Input material Start Marker

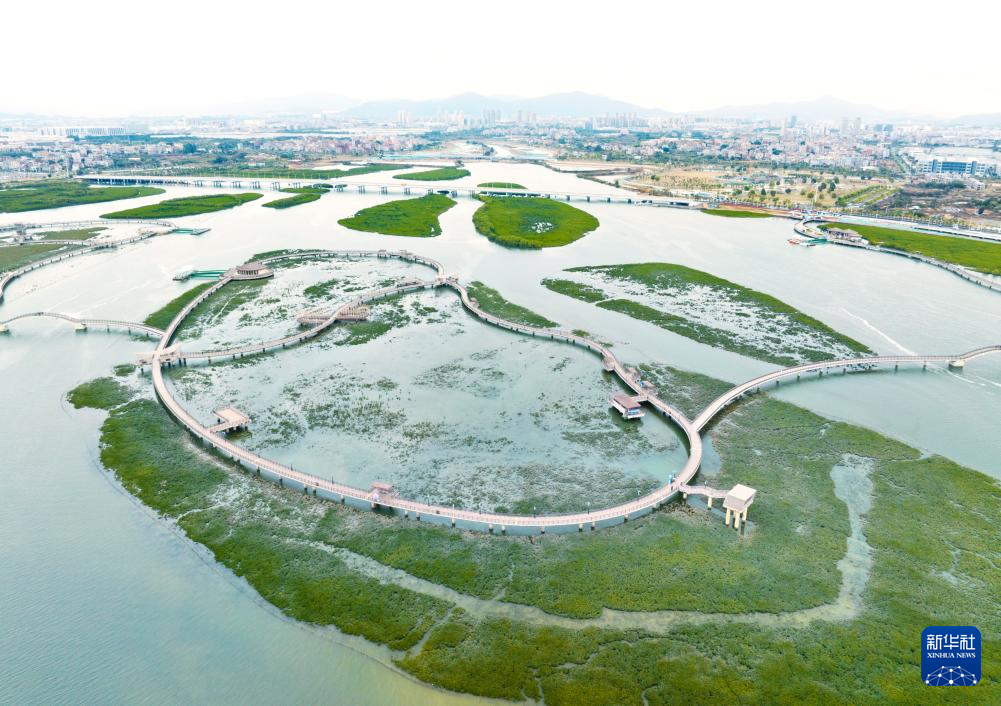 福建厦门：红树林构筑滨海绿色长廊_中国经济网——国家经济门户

Input material End Marker
Input material Start Marker

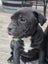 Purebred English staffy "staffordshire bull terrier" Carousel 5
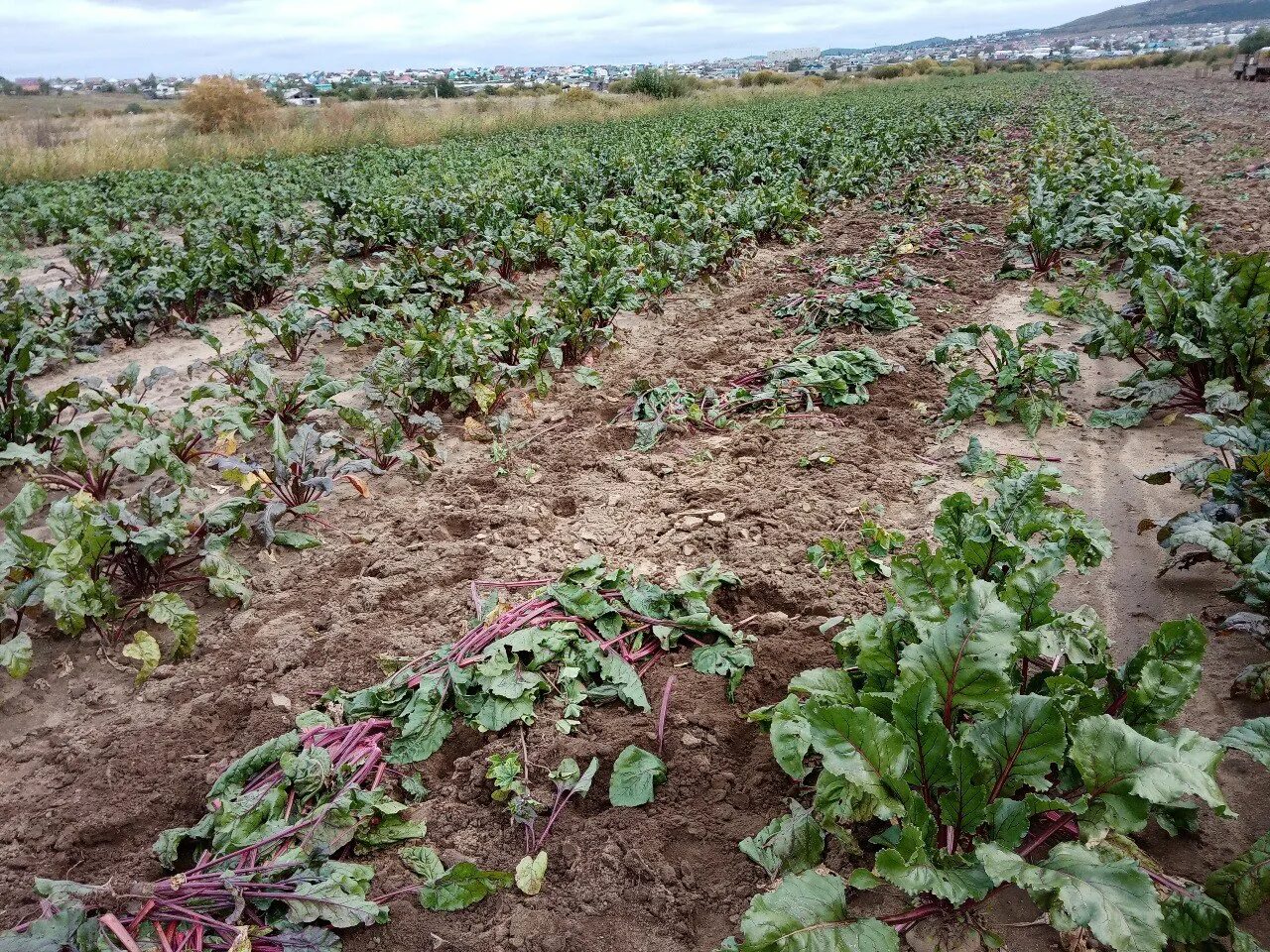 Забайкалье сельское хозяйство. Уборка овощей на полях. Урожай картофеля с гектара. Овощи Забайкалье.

Input material End Marker

= Brief =
Of the lines above, quote exactly those from the one with "Purebred English staffy" through the one with "Забайкалье сельское хозяйство.", ends included; pictures stay out.

= Output for this task =
 Purebred English staffy "staffordshire bull terrier" Carousel 5
 Забайкалье сельское хозяйство. Уборка овощей на полях. Урожай картофеля с гектара. Овощи Забайкалье.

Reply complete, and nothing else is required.